START MATERIAL FOR THIS EXERCISE
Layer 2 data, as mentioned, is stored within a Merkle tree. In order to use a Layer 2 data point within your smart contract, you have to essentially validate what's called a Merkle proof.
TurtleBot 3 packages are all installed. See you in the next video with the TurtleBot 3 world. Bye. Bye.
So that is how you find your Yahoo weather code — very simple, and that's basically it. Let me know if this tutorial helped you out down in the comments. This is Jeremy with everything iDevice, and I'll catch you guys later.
END MATERIAL FOR THIS EXERCISE
START MATERIAL FOR THIS EXERCISE
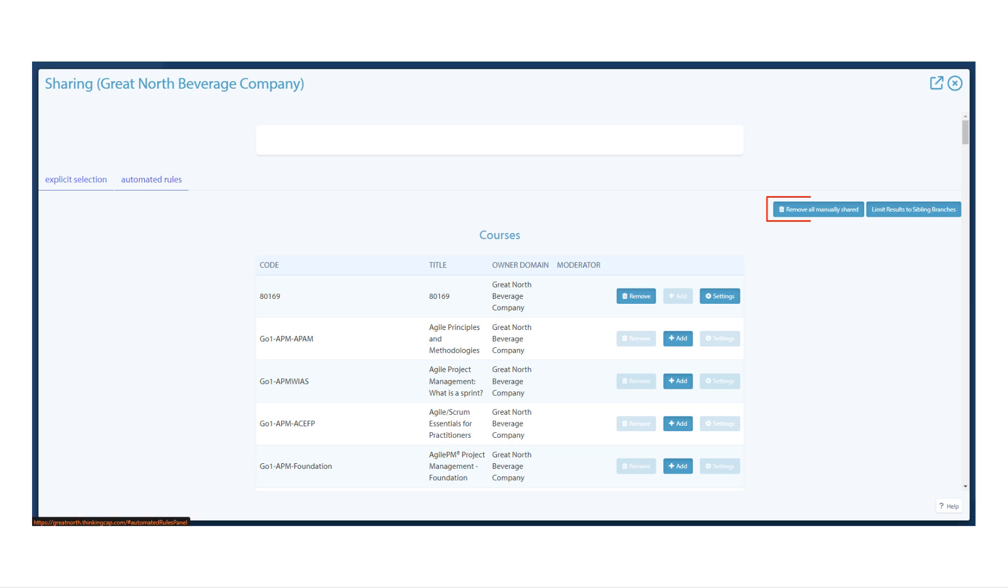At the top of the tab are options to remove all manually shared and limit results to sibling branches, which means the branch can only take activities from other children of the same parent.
END MATERIAL FOR THIS EXERCISE
● **EXERCISE BRIEF**
With the line holding "Layer 2 data, as" as the first and the line holding "So that is how" as the last, please transcribe exactly the lines of the material above in that range and nothing else.

● **TASK SOLUTION**
Layer 2 data, as mentioned, is stored within a Merkle tree. In order to use a Layer 2 data point within your smart contract, you have to essentially validate what's called a Merkle proof.
TurtleBot 3 packages are all installed. See you in the next video with the TurtleBot 3 world. Bye. Bye.
So that is how you find your Yahoo weather code — very simple, and that's basically it. Let me know if this tutorial helped you out down in the comments. This is Jeremy with everything iDevice, and I'll catch you guys later.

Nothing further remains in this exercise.